An' when he'd come round
more natural-like he begged me to give up the trail. But he
wouldn't explain. So I let him alone, an' watched him day en'
night.
"An' I found there was one thing still precious to him, an' it
was a little drawer where he kept his papers. This was in the
room where he slept. An' it 'peered he seldom slept. But after
bein' patient I got the contents of that drawer an' found two
letters from Milly. One was a long letter written a few months
after her disappearance. She had been bound an' gagged an'
dragged away from her home by three men, an' she named
them--Hurd, Metzger, Slack. They was strangers to her. She was
taken to the little town where I found trace of her two years
after. But she didn't send the letter from that town. There she
was penned in. 'Peared that the proselytes, who had, of course,
come on the scene, was not runnin' any risks of losin' her.

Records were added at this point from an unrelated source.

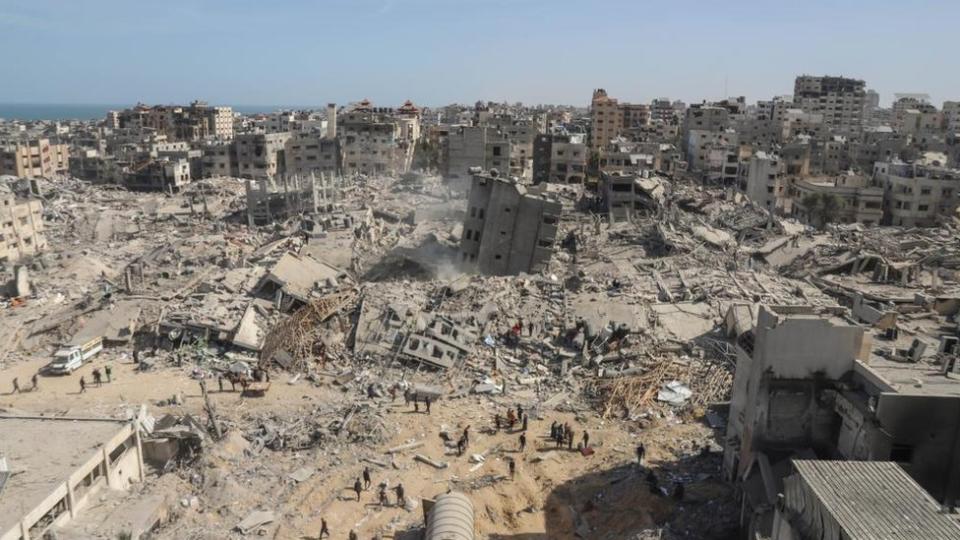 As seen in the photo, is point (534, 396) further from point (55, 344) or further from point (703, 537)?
point (55, 344)

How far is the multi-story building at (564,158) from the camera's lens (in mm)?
63875

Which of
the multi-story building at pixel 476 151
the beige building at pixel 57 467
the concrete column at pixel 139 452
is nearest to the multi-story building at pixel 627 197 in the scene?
the multi-story building at pixel 476 151

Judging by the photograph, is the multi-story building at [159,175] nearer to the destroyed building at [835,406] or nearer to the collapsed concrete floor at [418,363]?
the collapsed concrete floor at [418,363]

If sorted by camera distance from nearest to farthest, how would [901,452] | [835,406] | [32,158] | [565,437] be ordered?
[901,452]
[835,406]
[565,437]
[32,158]

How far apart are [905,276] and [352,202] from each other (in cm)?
3587

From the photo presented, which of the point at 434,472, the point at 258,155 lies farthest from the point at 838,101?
the point at 434,472

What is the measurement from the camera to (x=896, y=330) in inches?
700

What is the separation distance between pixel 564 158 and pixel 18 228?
42549mm

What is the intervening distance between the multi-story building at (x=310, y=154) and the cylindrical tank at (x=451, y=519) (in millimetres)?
60067

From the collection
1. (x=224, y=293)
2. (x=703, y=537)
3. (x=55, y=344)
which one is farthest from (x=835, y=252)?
(x=55, y=344)

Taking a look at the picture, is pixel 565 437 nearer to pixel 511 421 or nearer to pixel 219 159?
pixel 511 421

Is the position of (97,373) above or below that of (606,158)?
below

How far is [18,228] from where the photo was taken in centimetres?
4231

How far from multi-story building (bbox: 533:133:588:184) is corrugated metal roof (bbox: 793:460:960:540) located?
54206 millimetres
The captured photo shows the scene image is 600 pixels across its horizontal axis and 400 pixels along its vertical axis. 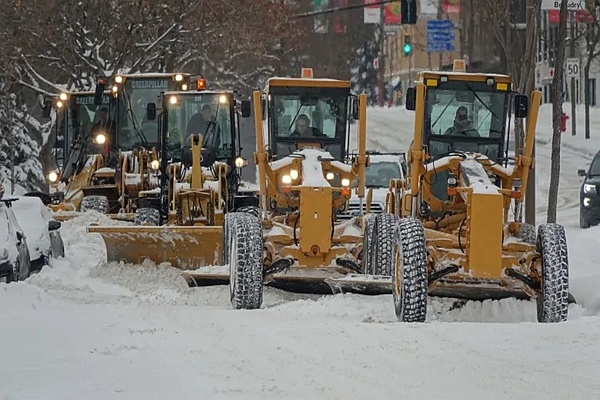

She
went on to say that for a time she was out of her head, an' when
she got right again all that kept her alive was the baby. It was
a beautiful baby, she said, an' all she thought an' dreamed of
was somehow to get baby back to its father, an' then she'd
thankfully lay down and die. An' the letter ended abrupt, in the
middle of a sentence, en' it wasn't signed.
"The second letter was written more than two years after the
first. It was from Salt Lake City. It simply said that Milly had
heard her brother was on her trail.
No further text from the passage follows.